Email builders offer a bridge between all these platforms. They sync assets into Marketo, Eloqua, or Salesforce Marketing Cloud, but also pull data back out: tracking codes, dynamic content tokens, audience segment parameters. This bidirectional integration ensures you don't create more silos in your attempt to solve workflow coordination. Assets created in the builder become native objects in your MAP, deployable through your existing campaign workflows. The process remains clear and effective even as it spans multiple systems.
The complete workflow in practice
Here's how these functions combine in an actual enterprise workflow:
- A campaign brief in Asana triggers design work in Figma
- The designer creates a mockup and shares it for initial review
- The email builder imports the Figma design (or the designer recreates it using builder modules)
- The builder automatically handles responsive design and email-specific rendering requirements
- The team reviews the email within the builder, leaving comments on specific elements
- Copywriters and brand managers provide feedback without context-switching to other tools
- Once approved, the builder syncs the email to Marketo as a native template
- The campaign manager configures audience, schedule, and tracking in Marketo
- The email deploys using the normal MAP workflow
This happens without developers writing custom code, without brand guidelines being violated, without feedback being lost across tools, and without rendering issues breaking the email in certain clients.
The email builder is orchestrating workflows across a connected system, enabling you to execute campaigns quickly and on brand.
Campaign creation as infrastructure
Campaign creation is like plumbing. You notice it when it doesn't work. When emails take three weeks to create instead of three days. When brand inconsistencies slip through because review processes are informal. When campaign velocity slows because key people are bottlenecks. When technical debt accumulates because emails are copied and modified rather than built from governed components.

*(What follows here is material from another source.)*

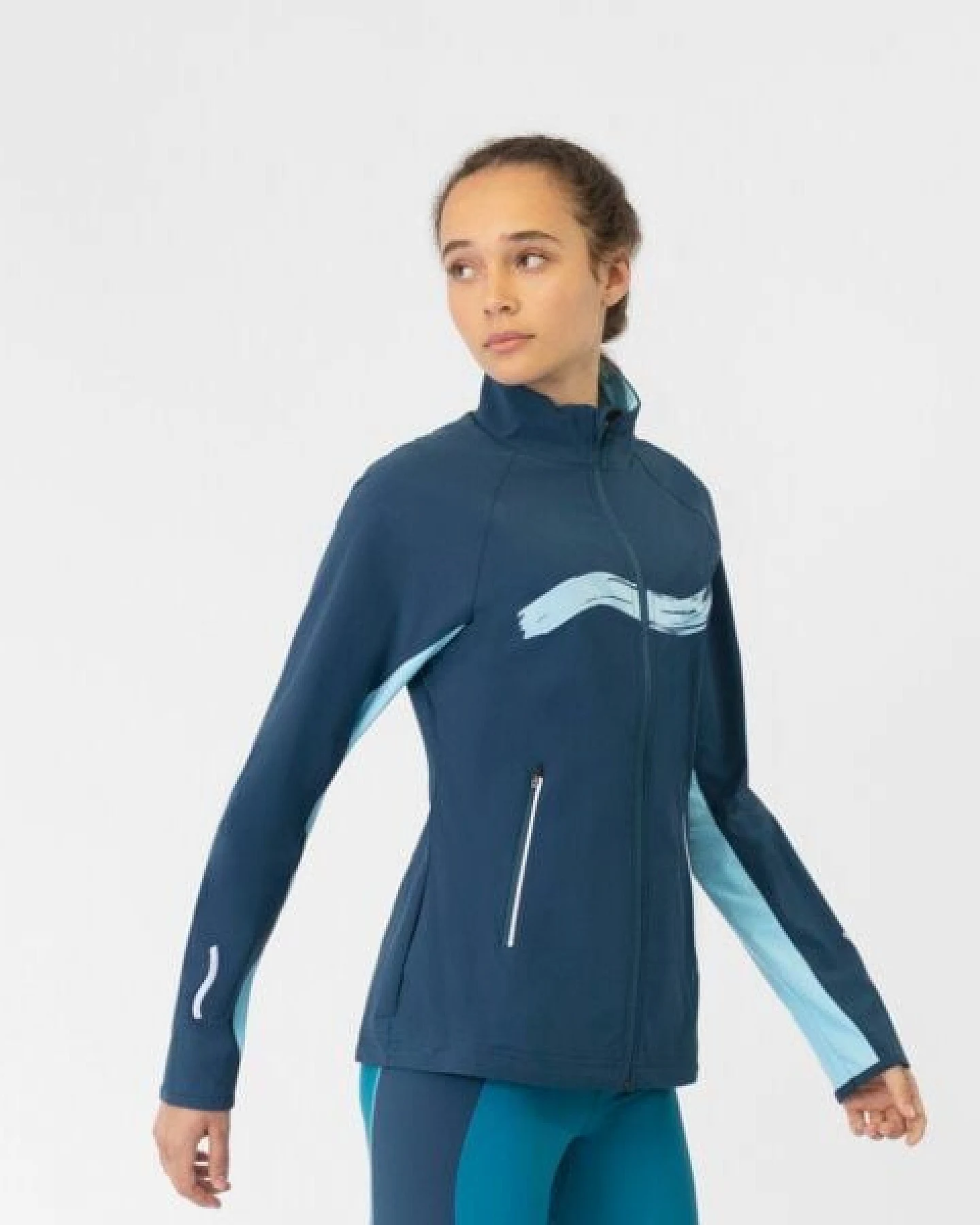 TAO Sportswear Atmungsaktive Damen Laufjacke ASTA mit UV-Schutz und Handysicherung – Ansicht 2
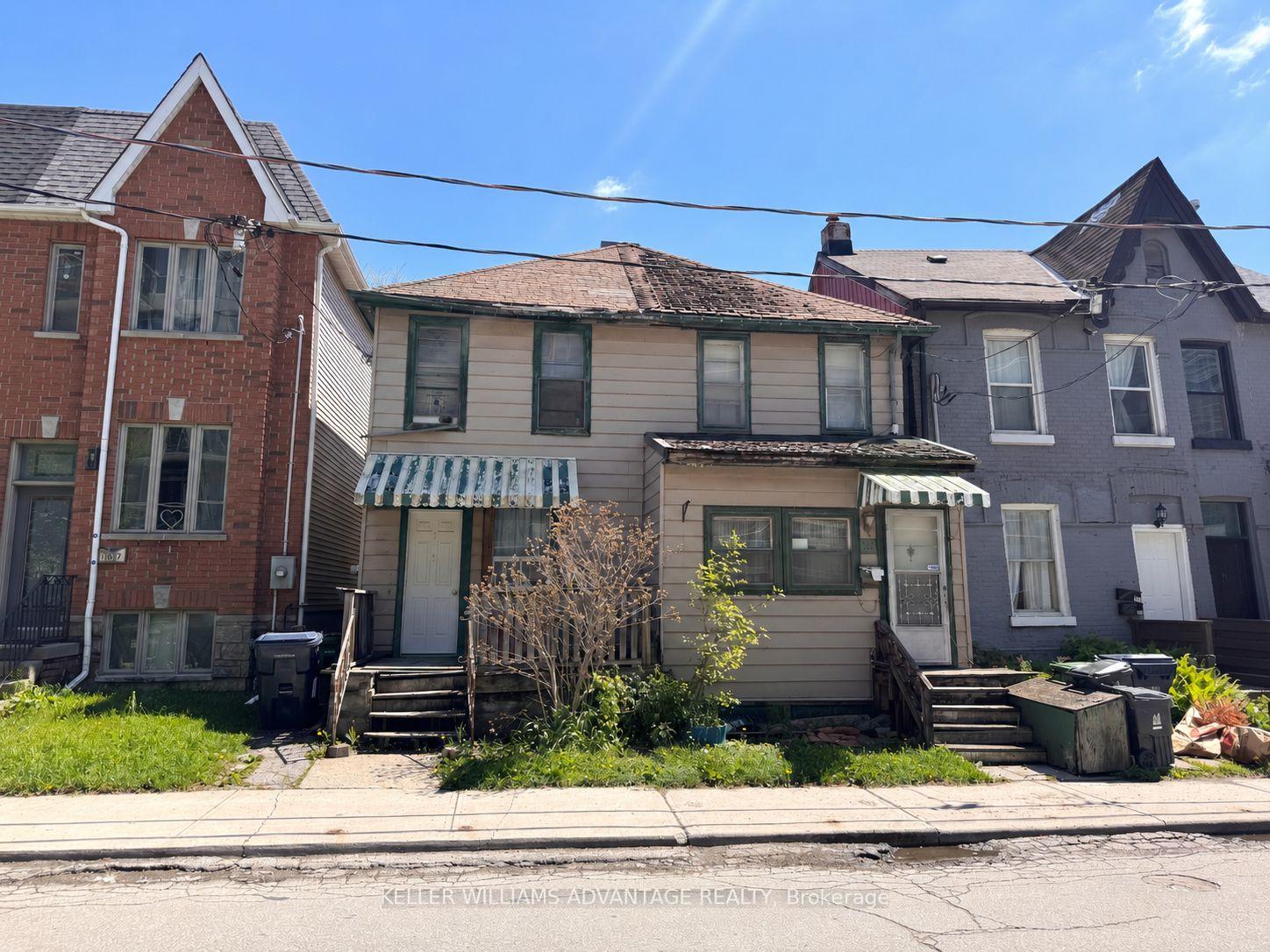 165 Logan Avenue, Toronto E01 — photo 2 of 5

The organizations that get campaign creation right don't necessarily have more resources or better tools. They have infrastructure that enables their resources and tools to function as a system. They understand that campaign creation isn't just about making emails. It's about enabling teams to make emails at scale, with consistency, without dependencies on heroic individual effort.
Email builders serve as critical infrastructure in this system. They don't replace your design tools or your marketing automation platform. They connect them, orchestrate them, and enable the workflow that moves campaigns from concept to deployed asset.
This is where working with an orchestration platform becomes valuable. The best campaign creation infrastructure handles both the no-code creation capabilities that empower your team and the integrations that connect to all the tools you use to accomplish your objectives. You're not just getting a tool that solves one problem. You're getting infrastructure that coordinates the entire workflow, from initial design concept through deployment and beyond.
The question isn't whether campaign creation happens in your organization. It definitely does. The question is whether it happens through intentional infrastructure or through ad hoc processes that break under scale.
Where does campaign creation happen in your organization? More importantly: is it infrastructure, or is it still invisible labor?